(INFORMATION SUPPLIED)
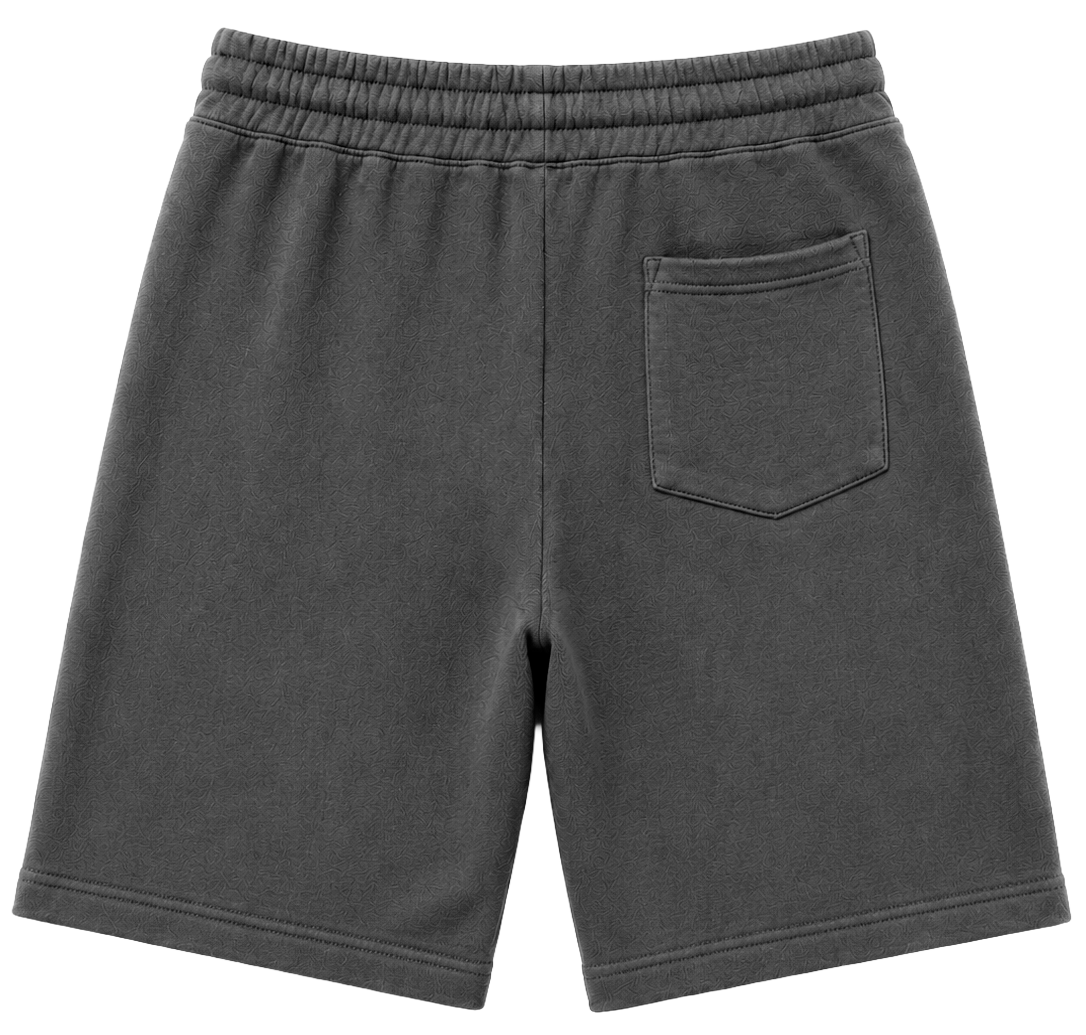 INDEPENDENT TRADING CO SWEAT SHORTS PIGMENT BLACK - BLANKS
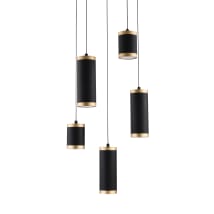 Black / Gold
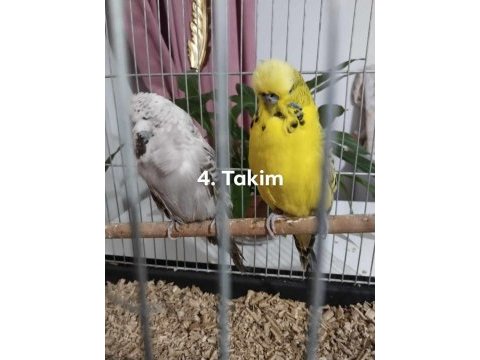 Show jumbo ve jumbo muhabbet kuşu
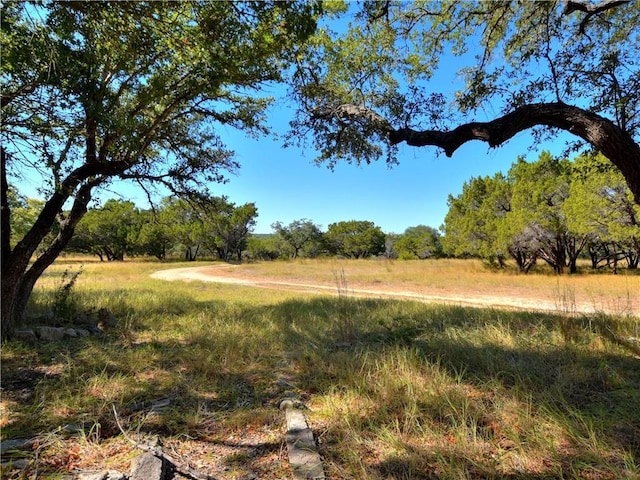 24391 Bingham Creek Rd, Leander, TX 78641 - photo 14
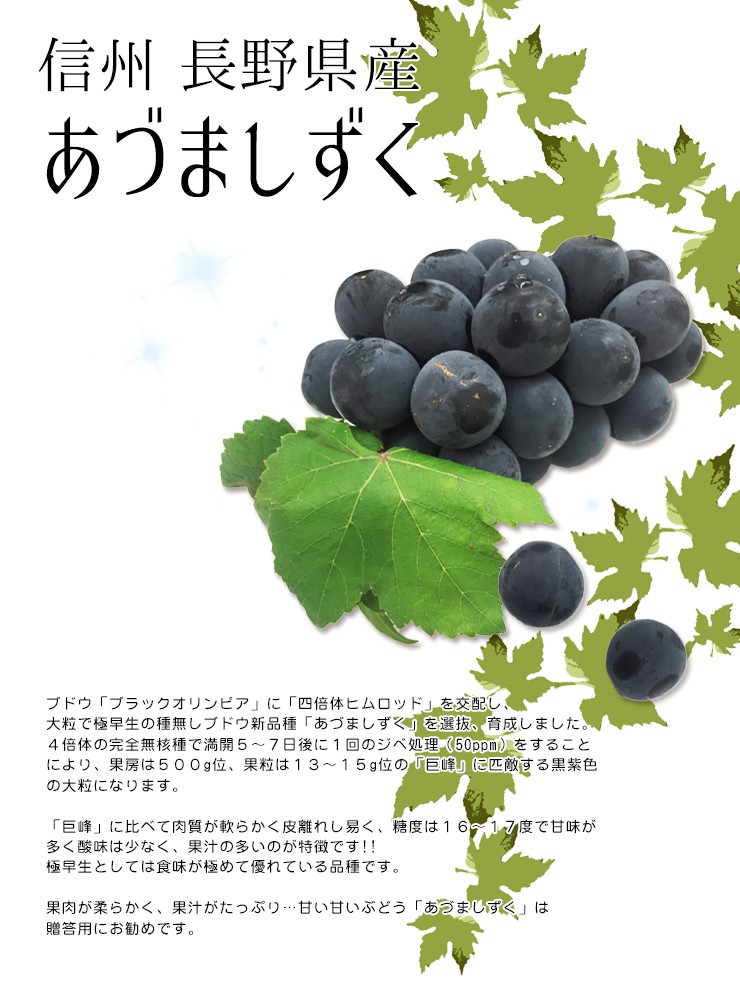 信州 長野県産 ぶどう【あづましずく】約1.5kg（2〜3房）種なしぶどう : adumashizuku-2kg : 発掘商会 - 通販 -  Yahoo!ショッピング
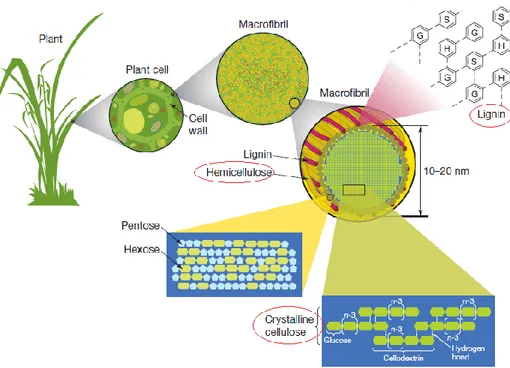 Figura 4:  Estructura  de  la  lignocelulosa,  La  celulosa,  la  hemicelulosa  y  la  lignina  forman  estructuras  llamadas  microfibrillas, organizadas en macrofibras que regulan  la estabilidad de la pared celular de las plantas  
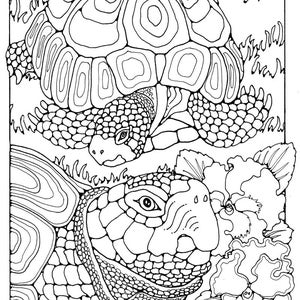 Animals to Colour in US Letter Format 42 Different Pages to - Etsy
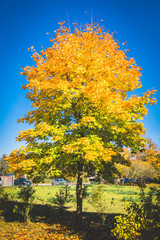 Naklejka premium Autumn colours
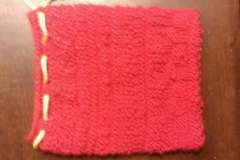 Bryan's pouch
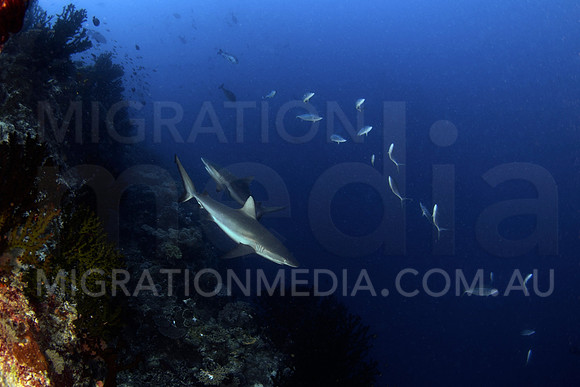 Reef Sharks on Wall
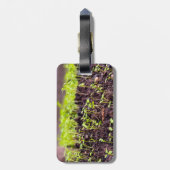 Rasen Gepäckanhänger (Rückseite vertikal)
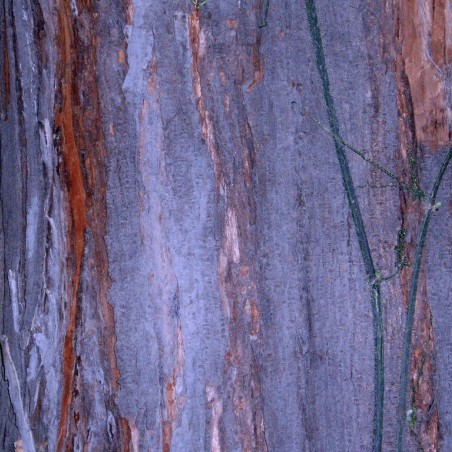 Acajou_de_chine_https://creativecommons.org/licenses/by-sa/3.0/legalcode.fr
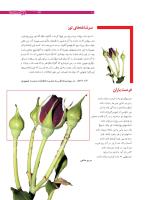 مجله نوجوان 168 صفحه 11
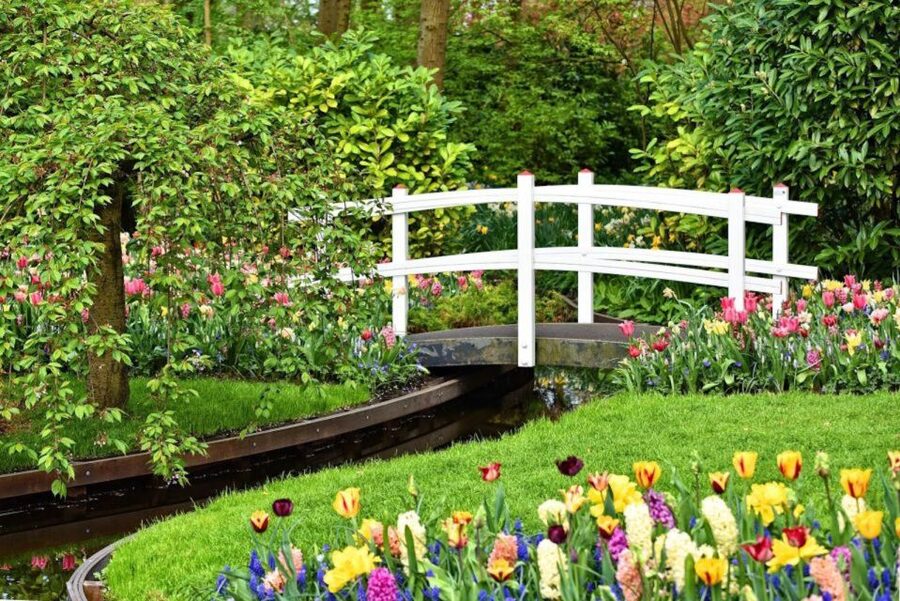 From Amsterdam: Private Keukenhof and Tulip Experience Tour - Tulip Experience Amsterdam: museum context plus hands-on bulb-field fun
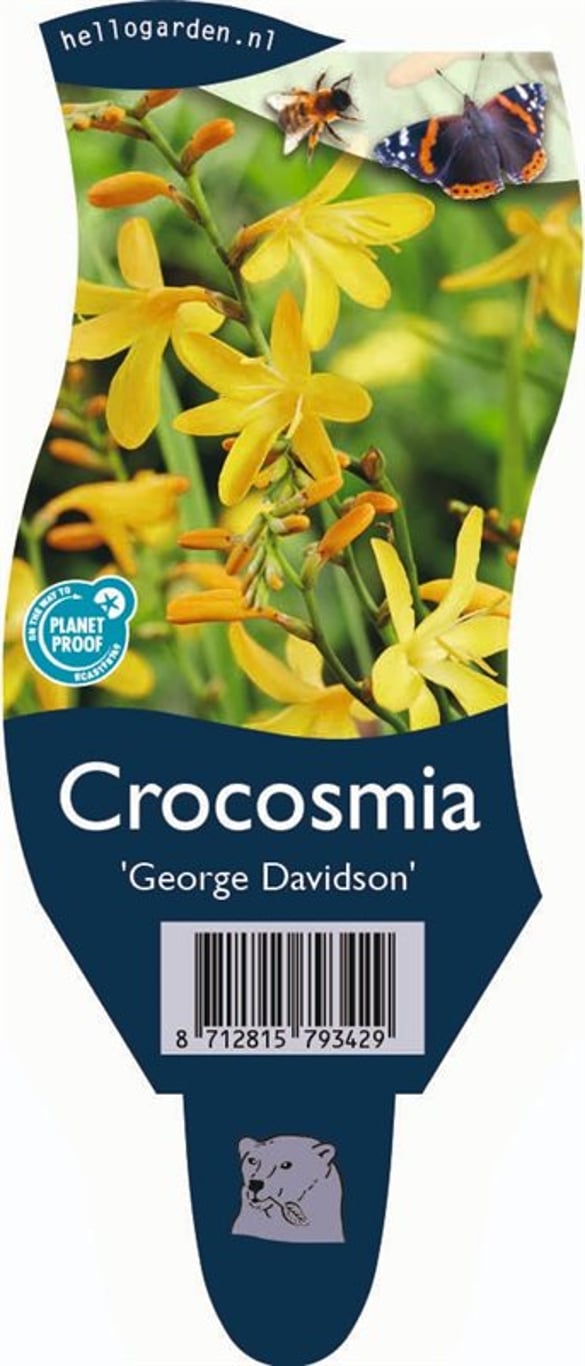 Crocosmia 'George Davidson' - P11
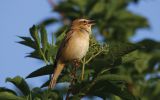 sedge-warbler2.jpg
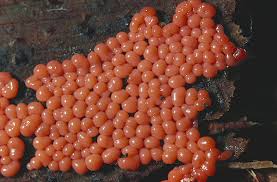 Attēlu rezultāti vaicājumam “Trichia decipiens”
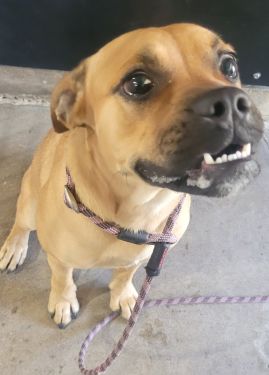 https://www.townsville.qld.gov.au/__data/assets/image/0027/325548/A67621.jpg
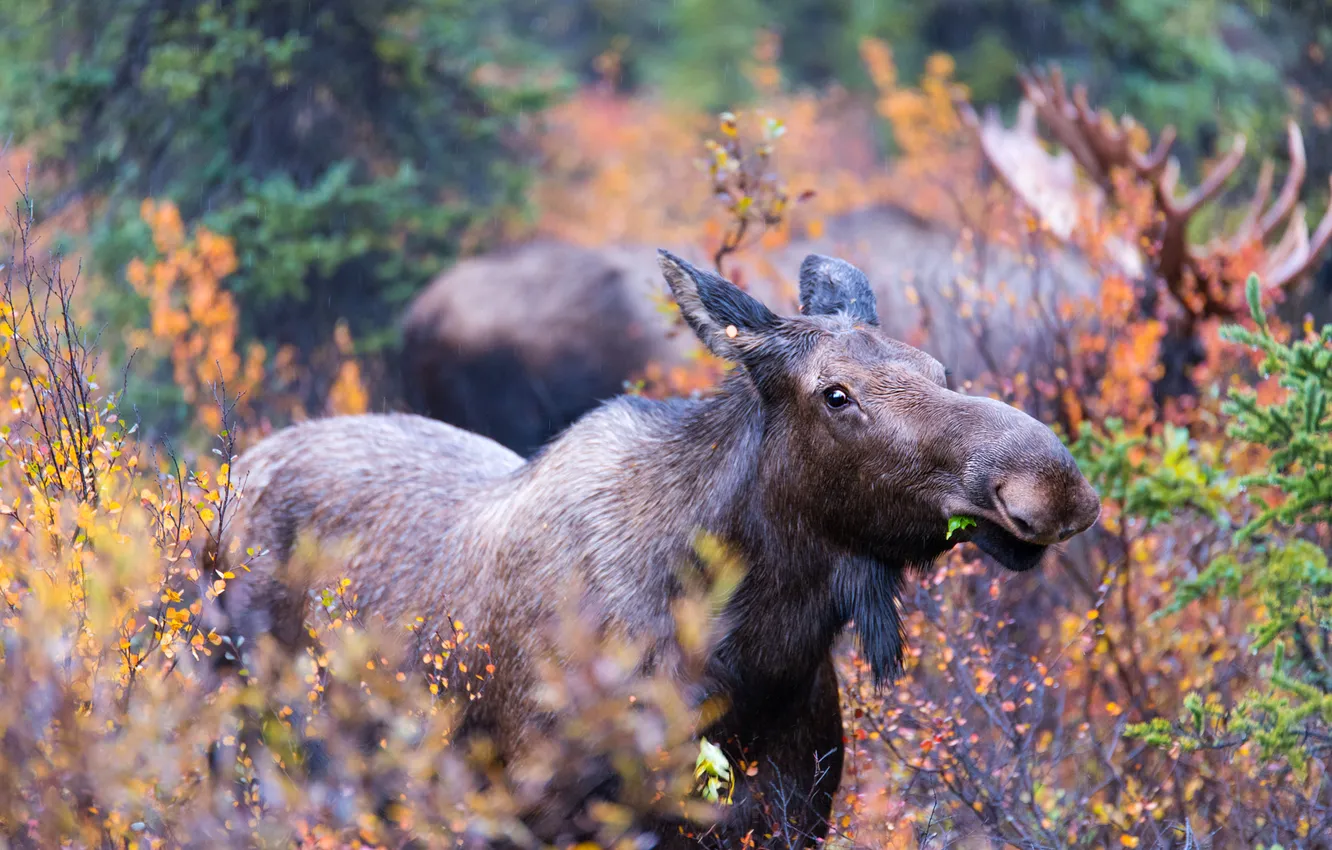 Photo wallpaper autumn, moose, teen, calf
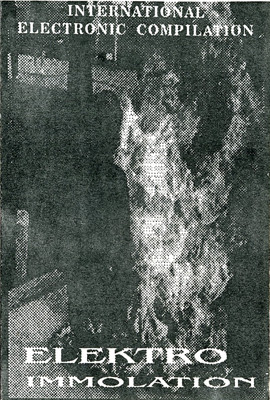 Elektro-Immolation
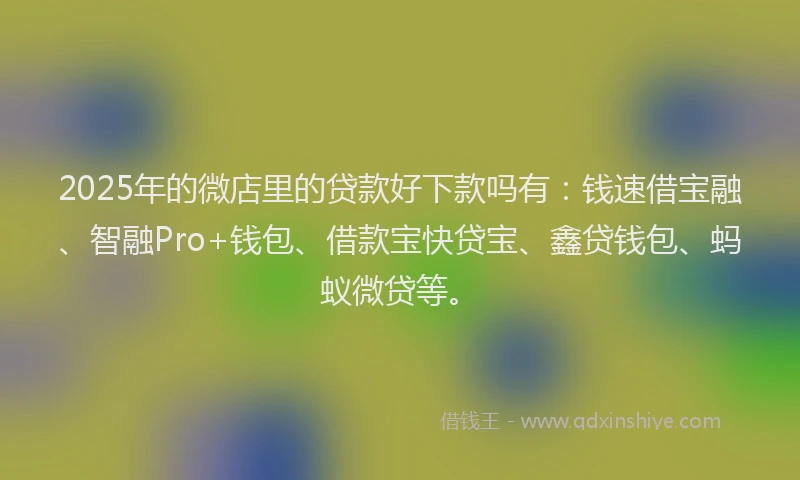 2025年的微店里的贷款好下款吗有：钱速借宝融、智融Pro+钱包、借款宝快贷宝、鑫贷钱包、蚂蚁微贷等。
(End INFORMATION SUPPLIED)
*WHAT THE TASK REQUIRES*: Set down exactly the lines of the entries above from the one holding "Reef Sharks on Wall" through the last one, including both, with the pictures left out.

*FINISHED EXERCISE*:
 Reef Sharks on Wall
 Rasen Gepäckanhänger (Rückseite vertikal)
 Acajou_de_chine_https://creativecommons.org/licenses/by-sa/3.0/legalcode.fr
 مجله نوجوان 168 صفحه 11
 From Amsterdam: Private Keukenhof and Tulip Experience Tour - Tulip Experience Amsterdam: museum context plus hands-on bulb-field fun
 Crocosmia 'George Davidson' - P11
 sedge-warbler2.jpg
 Attēlu rezultāti vaicājumam “Trichia decipiens”
 https://www.townsville.qld.gov.au/__data/assets/image/0027/325548/A67621.jpg
 Photo wallpaper autumn, moose, teen, calf
 Elektro-Immolation
 2025年的微店里的贷款好下款吗有：钱速借宝融、智融Pro+钱包、借款宝快贷宝、鑫贷钱包、蚂蚁微贷等。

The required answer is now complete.